--- Entries shown ---

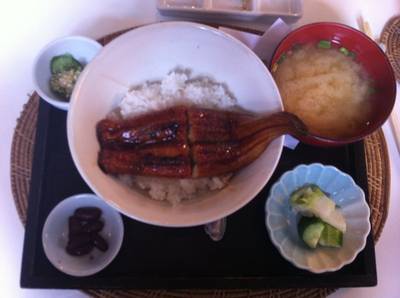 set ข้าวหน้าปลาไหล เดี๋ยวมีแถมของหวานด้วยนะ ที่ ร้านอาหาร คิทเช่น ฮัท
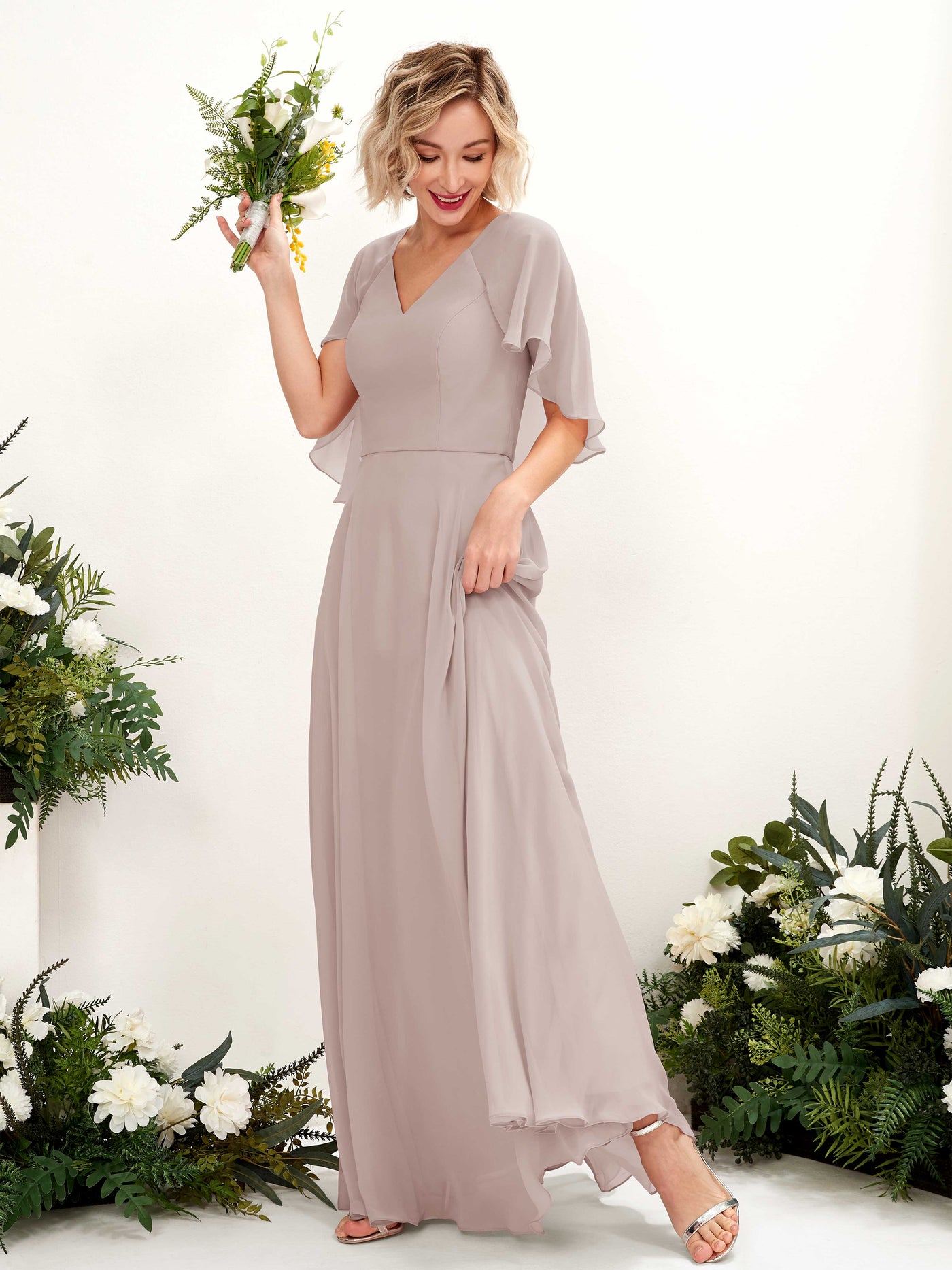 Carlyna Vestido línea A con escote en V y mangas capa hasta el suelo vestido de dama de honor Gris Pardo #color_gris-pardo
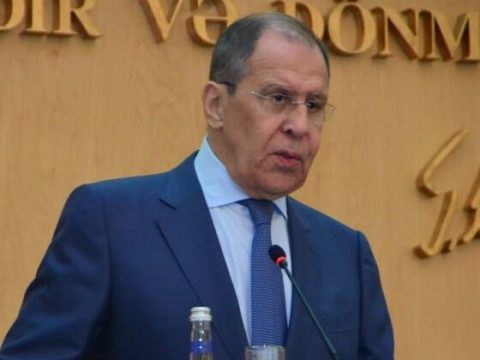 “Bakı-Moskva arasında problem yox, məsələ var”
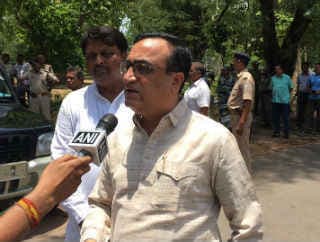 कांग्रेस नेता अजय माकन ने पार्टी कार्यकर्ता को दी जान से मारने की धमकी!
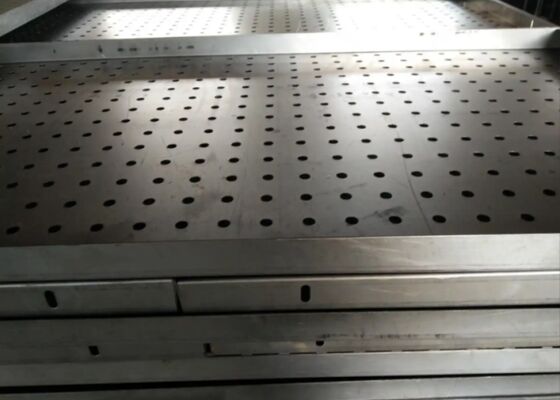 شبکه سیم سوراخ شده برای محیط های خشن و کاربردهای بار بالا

---

Omit the pictures; set down each record exactly.

 set ข้าวหน้าปลาไหล เดี๋ยวมีแถมของหวานด้วยนะ ที่ ร้านอาหาร คิทเช่น ฮัท
 Carlyna Vestido línea A con escote en V y mangas capa hasta el suelo vestido de dama de honor Gris Pardo #color_gris-pardo
 “Bakı-Moskva arasında problem yox, məsələ var”
 कांग्रेस नेता अजय माकन ने पार्टी कार्यकर्ता को दी जान से मारने की धमकी!
 شبکه سیم سوراخ شده برای محیط های خشن و کاربردهای بار بالا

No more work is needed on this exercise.